Last week's lengthy outage for the Amazon Web Services cloud computing platform was caused by a network configuration error as Amazon was attempting to upgrade capacity on its network. That error triggered a sequence of events that culminated in a "re-mirroring storm" in which automated replication of storage volumes maxed out the capacity of Amazon's servers in a portion of their platform.
Amazon provided a detailed incident report this morning in which it discussed the outage, apologized to customers and outlined plans to make its platform more resilient in the future. The company also issued a 10-day credit to customers using the US East Region at the time of the outage.
Traffic Shift 'Executed Incorrectly'
The incident began at 12:47 a.m. Pacific time on April 21, when Amazon began a network upgrade in a single availability zone in the US East region. "During the change, one of the standard steps is to shift traffic off of one of the redundant routers in the primary EBS (Elastic Block Storage) network to allow the upgrade to happen," Amazon said. "The traffic shift was executed incorrectly and rather than routing the traffic to the other router on the primary network, the traffic was routed onto the lower capacity redundant EBS network."
The traffic routing error overloaded the storage network. When network connectivity was restored, volumes stored on EBS began an automated mirroring process designed to preserve data during system failures. "In this case, because the issue affected such a large number of volumes concurrently, the free capacity of the EBS cluster was quickly exhausted, leaving many of the nodes 'stuck' in a loop, continuously searching the cluster for free space," Amazon reported. "This quickly led to a 're-mirroring storm,' where a large number of volumes were effectively “stuck” while the nodes searched the cluster for the storage space it needed for its new replica."
The company said it would take steps to improve its customer communication, which was the focus of sharp criticism during the outage. The incident report was released early Friday, as global media attention focused on the royal wedding in England.
Amazon: No 'Significant' Impact to Other Zones
Amazon's report sought to deflect criticism that the outage affected multiple availability zones, a key point of contention for some unhappy customers. In theory, using multiple availability zones should allow customers to continue to operate if a single availability zone experiences a failure. There were numerous reports that EBS access was impaired across multiple availability zones, but Amazon challenged the notion that this was widespread.
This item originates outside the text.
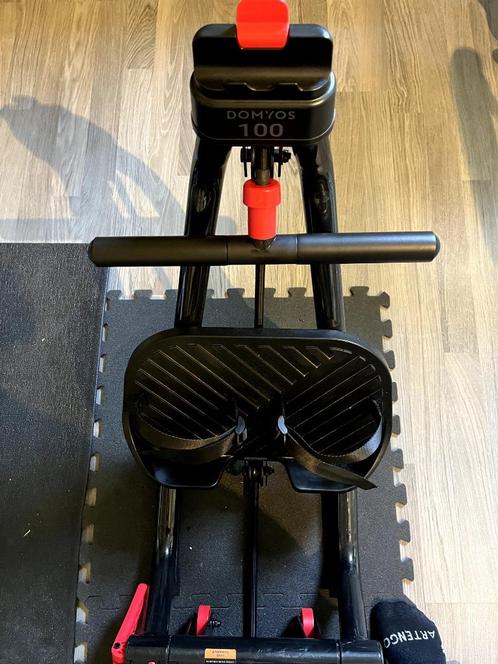 Roeitrainer Domyos 100, Sport en Fitness, Fitnessapparatuur, Zo goed als nieuw, Roeitrainer, Armen, Benen, Borst, Buik, Rug, Metaal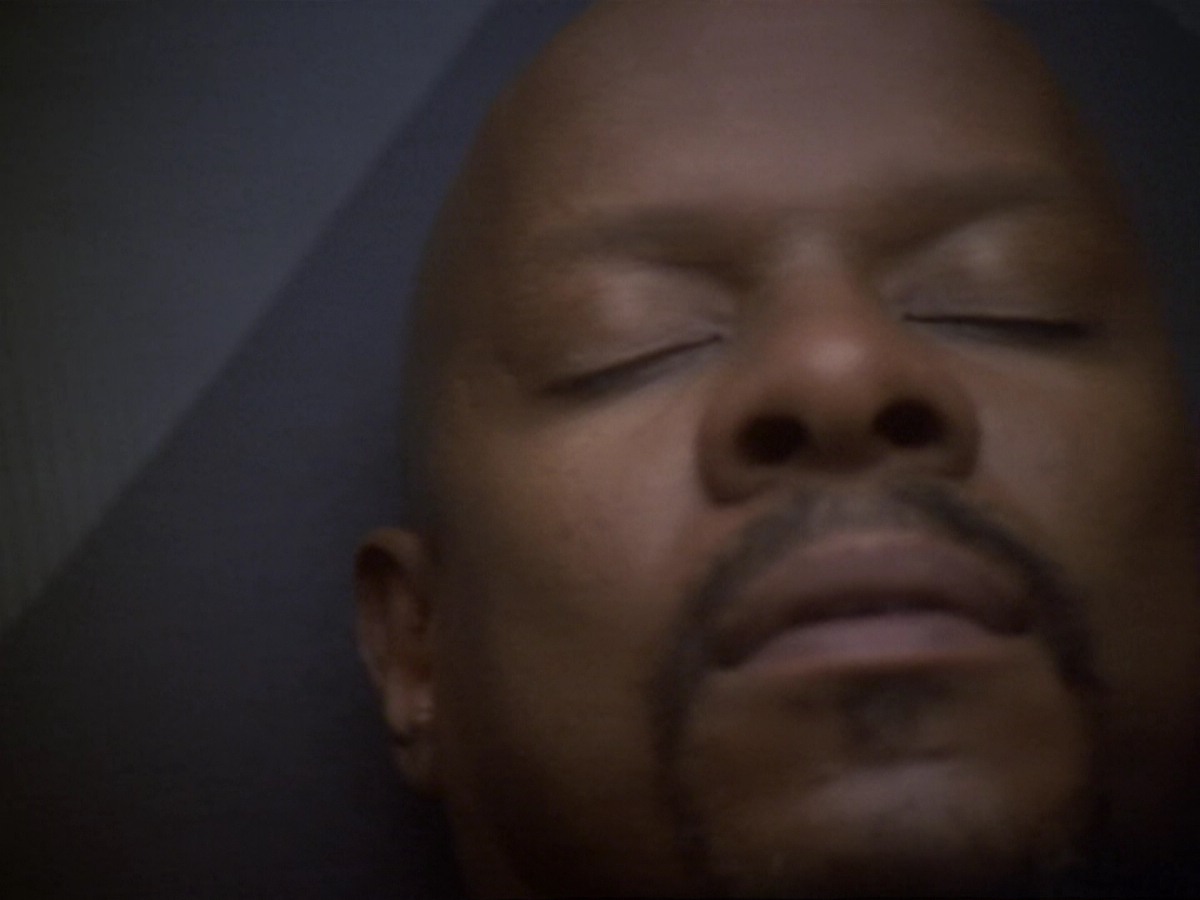extant_StarTrek_DS9_6x13-FarBeyondTheStars_4241.jpg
"While our monitoring clearly shows the effect of the re-mirroring storm on the EBS control plane and on volumes within the affected Availability Zone, it does not reflect significant impact to existing EBS volumes within other Availability Zones in the Region," the incident report states. "We do see that there were slightly more 'stuck' volumes than we would have expected in the healthy Availability Zones, though still an extremely small number. To put this in perspective, the peak 'stuck' volume percentage we saw in the Region outside of the affected Availability Zone was less than 0.07%."
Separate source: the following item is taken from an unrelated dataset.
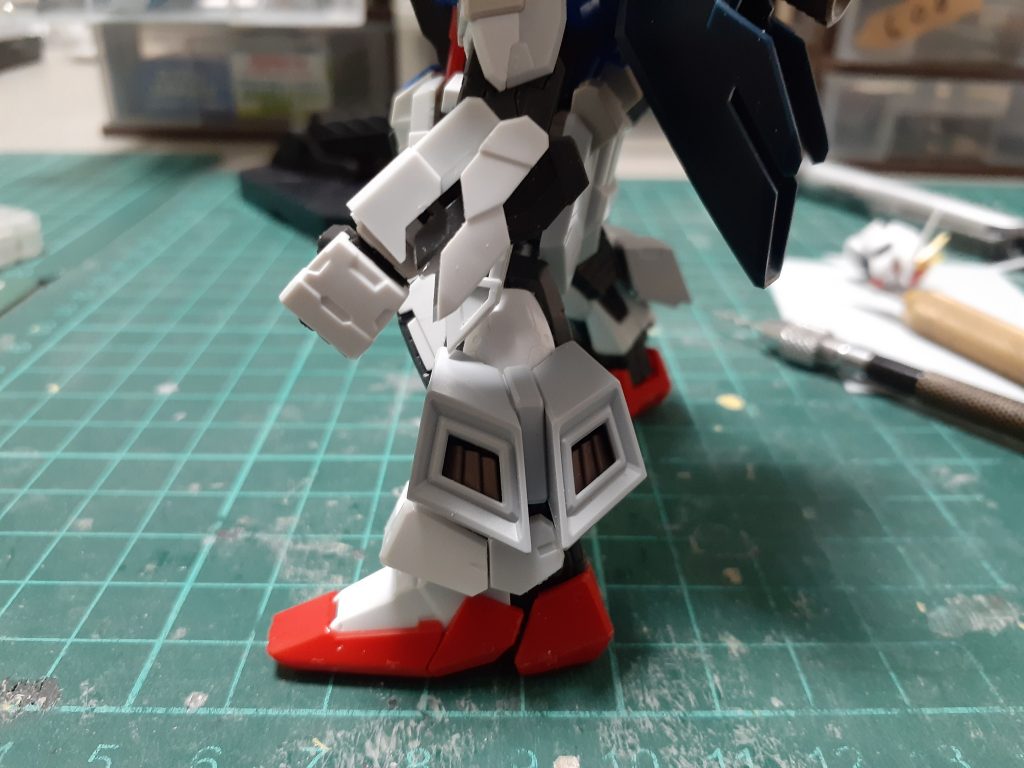 脚横のスラスターはシナンジュスタインの脚横の物をカットして真鍮線で固定出来るようにしました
Amazon also created the AWS Architecture Center to share information on best practices for deploying cloud assets reliably. The company scheduled a series of webinars to educate customers on their options for designing their AWS deployments to survive outages.
The company also apologized for the outage's impact on customers, and vowed to take steps to prevent a recurrence. "As with any significant operational issue, we will spend many hours over the coming days and weeks improving our understanding of the details of the various parts of this event and determining how to make changes to improve our services and processes," the AWS team wrote.